Берье взял серебряный ножичек и принялся очинивать перо.
– Итак, ты говоришь, что, кроме Лефевра, гостей у Рейнхарта не бывает и круг его друзей очень узок. Выходит, он странная особа?
– Пожалуй, да. Он почти все время проводит в мастерской, изобретая разные вещицы.
Вещицы, которых другим не повторить.
– Очень занятый человек. – Берье выдавил из себя улыбку. – А что ты можешь сказать о его дочери?
У Мадлен снова пересохло в горле.
– Что именно вы желаете знать, монсеньор?
– Есть ли у нее странные привычки?
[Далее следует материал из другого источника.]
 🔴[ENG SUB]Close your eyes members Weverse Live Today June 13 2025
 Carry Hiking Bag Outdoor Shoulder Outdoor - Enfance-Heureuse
Может, она поддерживает какие-то необычные знакомства?
– Нет, я так не думаю. – У хозяйской дочери имелись странности, но о них Мадлен решила умолчать. Она почувствовала непонятное желание защитить Веронику и не сболтнуть лишнего. – Эту девушку по-настоящему интересует лишь чтение и учеба да еще постройка собственных машин.
Мадлен подумала о почти пугающей целеустремленности Вероники. В характере дочери Рейнхарта было что-то такое же острое, как нож Берье. Она видела руки Вероники, покрытые кровью вскрываемого трупа, слышала, как та смеялась, глядя на человеческое сердце. Эти двое ошибались, считая девушку наивной, но о своих наблюдениях Мадлен умолчит.
Камиль и Берье смотрели друг на друга.
– И в его переписке нет ничего подозрительного?
– Затяжная дискуссия о долготе и нескончаемые банальности, – ответил Камиль. – Чертежи, споры о свойствах материалов и так далее. Все это невыносимо скучно. С другой стороны, письма могли быть зашифрованы.
Берье в очередной раз устремил взгляд на Мадлен:
– Каково твое мнение об этом человеке? Тебе он кажется опасным?